The entire COVID-19 emergency packages will cost GTQ11 billion ($1.42 billion), which the Guatemalan government will finance through the placement of bonds to be bought by the country’s own central bank—quantitative easing.

Even though the 1993 constitution prohibits the central bank from purchasing government bonds, it grants an exception “in cases of catastrophes or public disasters.” This creates the possibility of inflation in the future.

Who was behind the proposal?

Congressman Samuel Pérez of the left-wing party Movimiento Semilla introduced the bill for the temporary unemployment insurance.

The initial proposal of GQT10 billion ($1.29 billion) sought economic compensation for workers in the formal economy suffering from furloughs or layoffs, as well as for informal-economy workers.

However, Guatemalan legislators finally left out informal workers from the relief package.

Critics to the Fund for the Protection of Employment

Economists and think tanks have focused their criticism on the financing of the unemployment subsidy and other measures in the stimulus law.

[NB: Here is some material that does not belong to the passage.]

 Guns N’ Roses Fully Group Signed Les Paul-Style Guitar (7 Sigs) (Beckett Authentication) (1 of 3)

Lizardo Sosa, an economist and former director of Guatemala’s central bank, has criticized the government’s decision to resort to quantitative easing rather than borrowing. “There are enough national and international sources of financing to cover the desired amount,” he wrote on his Twitter account. According to Sosa, inflation will appear as the new money ripples across the market.

UFM Market Trends at Francisco Marroquín University is also opposed to the financing strategy. Economic professors Olav Dirkmaat and Daniel Fernández warn GDP could fall by 16 percent in the second quarter of 2020, triggering one of the country’s worst economic crises.

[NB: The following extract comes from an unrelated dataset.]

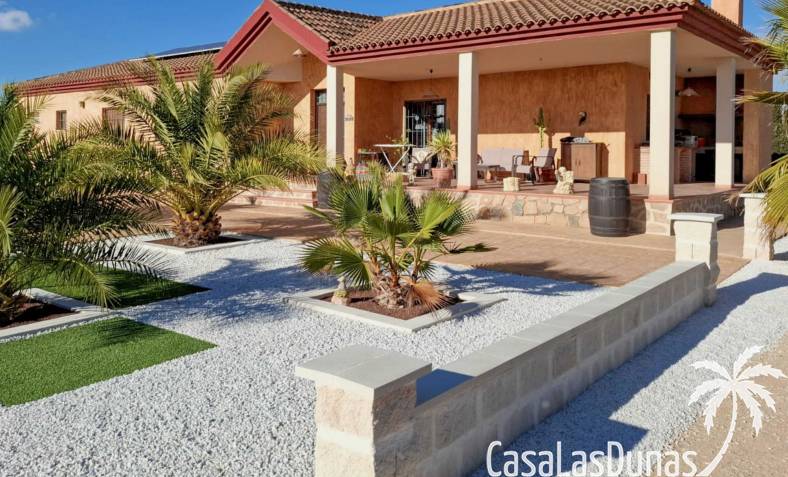 Villa - Återförsäljning - Pinoso - Pinoso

“The Guatemalan economy is much more indebted today than in 2008. The cause is excess liquidity in quetzales. Guatemala’s central bank is in part responsible for this indebtedness, since with its monetary interventions it has promoted a marked reduction in the interest rates on loans in quetzales.”

On April 3, Fitch Solutions downgraded Guatemala’s sovereign rating from BB to BB- due to lower economic growth and fiscal revenues, as well as the rating of several banks and foreign-related companies.